Por supuesto que en ese momento no todos pensaban así dentro de las Fuerzas Armadas, aunque es notorio que –como hoy lo vemos– la postura de Sánchez, entre otros, iría transformándose en dominante dentro de los militares y las fuerzas de seguridad. Para citar sólo un ejemplo de otra línea de pensamiento, digamos que el presidente de facto de entonces, el general Alejandro Agustín Lanusse, consideraba que para parar a “los duros” había que echar las bases de algún sistema jurídico: de ahí la creación de la Cámara Federal en lo Penal que, aunque tuviera sus bemoles desde el punto de vista constitucional o de su funcionamiento, habilitaba un fuero en donde se pudieran juzgar los delitos de carácter político en forma pública. Obviamente esto no alcanzó para evitar el funcionamiento de bandas armadas que ya operaban abiertamente.

La violencia del Estado fue nutriéndose cada vez más de la otra para justificar su accionar al margen de la ley. La desaparición de instituciones o la creencia de su ineficiencia para resolver los problemas fueron generando estructuras paralelas por fuera del marco legal. En este sentido, cabe destacar que quien hizo punta en estas metodologías post-cordobazo fue la Policía, tanto la Federal (Coordinación Federal), como la Bonaerense y la de Rosario (¿por qué hoy no se la menciona?). Para tomar sólo algún año, digamos que –según estadísticas de la época– durante 1971 se hablaba de un promedio de un secuestro o una desaparición cada 18 días. Es cierto que no alcanzaba la dimensión de los años siguientes, pero estamos hablando de un comienzo. Citaremos algunos casos concretos: el 16 de diciembre de 1970 el abogado de izquierda Néstor Martins (letrado de la CGT de los argentinos y de los prisioneros de Taco Ralo) fue interceptado en la esquina de Rivadavia y Paraná, en Capital Federal. Entre forcejeos fue introducido en un automóvil junto con su cliente, el ciudadano boliviano Nildo Zenteno. Nunca más aparecieron. El 31 de marzo de 1971 fue arrebatado en La Plata el arquitecto Mario Soto. Luego aparecería detenido. El 3 de mayo, cuatro individuos se apoderaron de Edmundo Candiotti. Lo torturaron y lo dejaron en las afueras de la ciudad de Buenos Aires. El 1 de julio en San Nicolás fue secuestrada Mirta Cortese. Sufrió torturas en la Superintendencia de Seguridad Federal. Al día siguiente fueron raptados en su domicilio, en San Juan, Marcelo Verd y su esposa. Jamás fueron encontrados. El 7 de julio intentaron secuestrar en Capital Federal al abogado, y luego guerrillero de las FAR, Roberto Quieto. Ayudado por los vecinos consiguió evitar el secuestro. Posteriormente se determina que los secuestradores eran policías. El 13 de julio fueron secuestrados Mirta Misetich y Juan Pablo Maestre por individuos armados. Fueron introducidos en dos autos. El último fue encontrado en un zanjón. Mirta Misetich desapareció para siempre.
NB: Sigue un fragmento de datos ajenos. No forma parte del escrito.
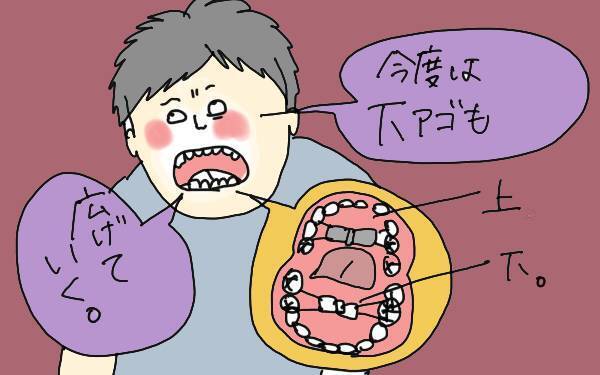 子どもの歯科矯正に40万!? 1年間頑張った成果のほどは？【コソダテフルな毎日 第89話】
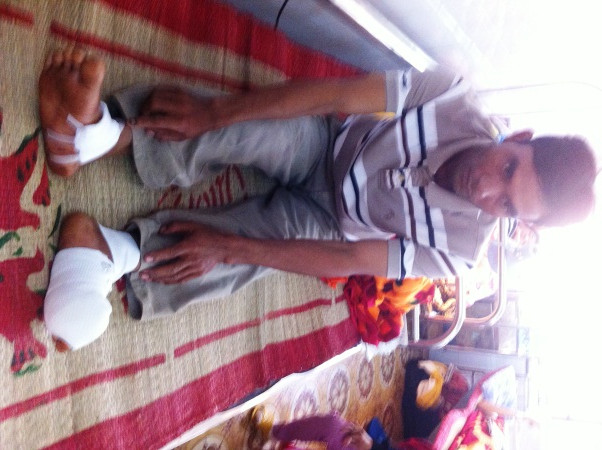 Nạn nhân Y Kút Ayul điều trị tại bệnh viện.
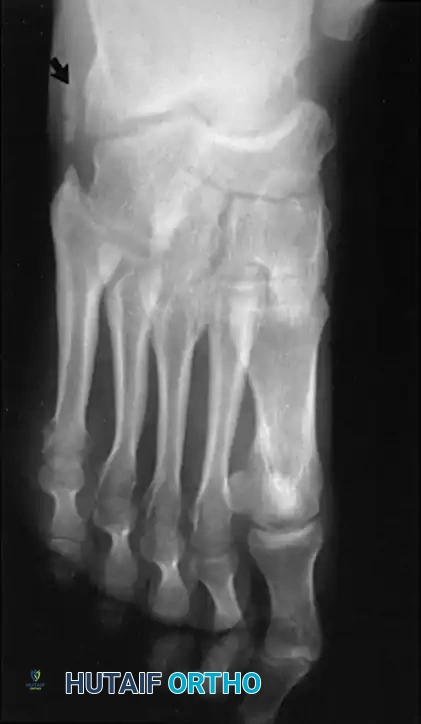 Hutaifortho's Orthopaedic Diagram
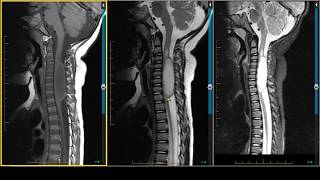 LongTerm Survivors of Glioblastoma [upl. by Gonzalez189]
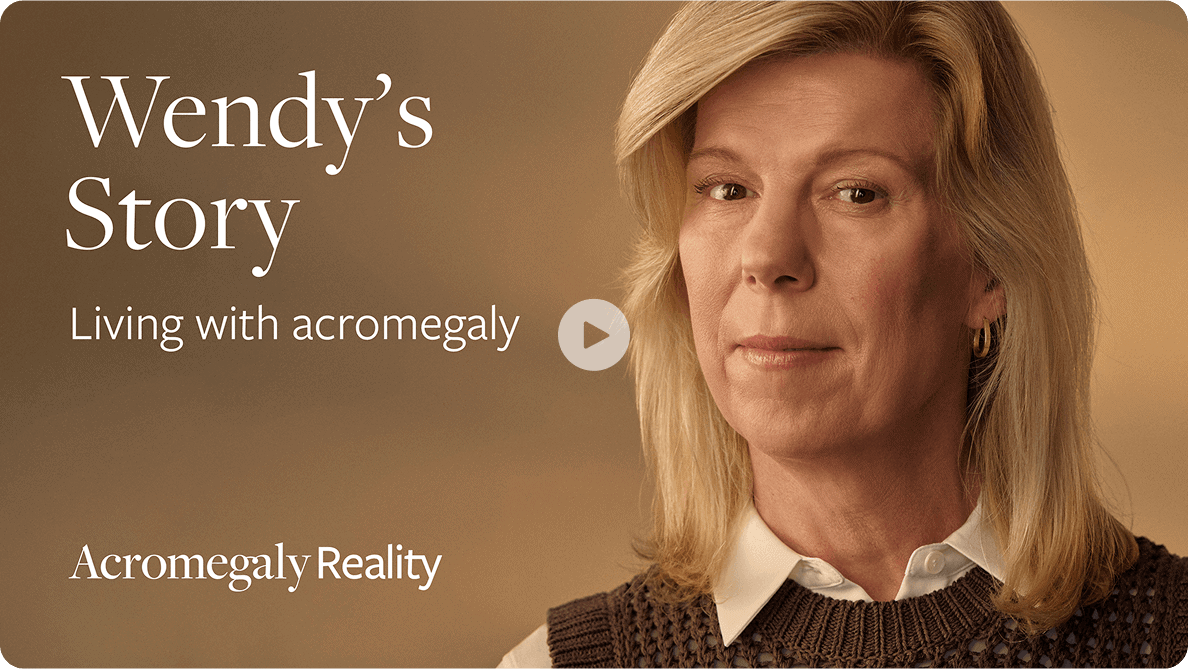 Wendy, living with acromegaly.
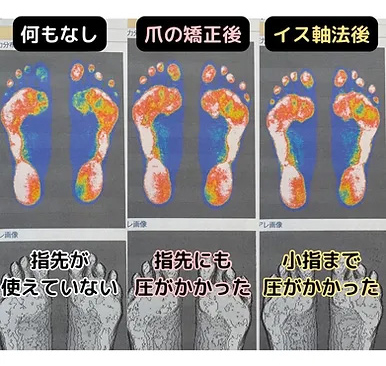 事例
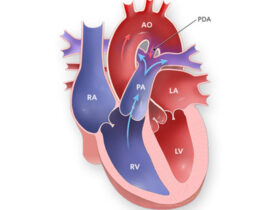 pda nedir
Podríamos seguir la lista, pero queda claro que ya existía, especialmente en la policía y algunos militares, organizaciones paralelas que trabajaban activamente, que corregidas y aumentadas incrementaron su ferocidad durante los gobiernos de Cámpora, Perón e Isabel. Posteriormente se sumarían los militares del Proceso. La guerra sucia persistiría en los años siguientes como metodología cada vez más feroz y funcional a intereses económicos, a la espera de poder instalarse definitivamente en el poder. Quizás un buen aviso de lo que se venía lo haya recibido el padre de Ángel Brandazza –desaparecido por fuerzas combinadas de la Policía de Rosario y el Ejército, el 28 de noviembre de 1972–, cuando un desconocido se apersonó en su casa de Venado Tuerto y le dijo sobre sus denuncias: “Vea, yo sé cómo se hacen estas cosas y he visto cómo hacen desaparecer a algunos. Se lo abre todo y luego lo echan al mar para que lo coman los peces. Así que yo les digo que es mejor que se vayan olvidando del asunto” (revista Así, 879, 10-4-1973).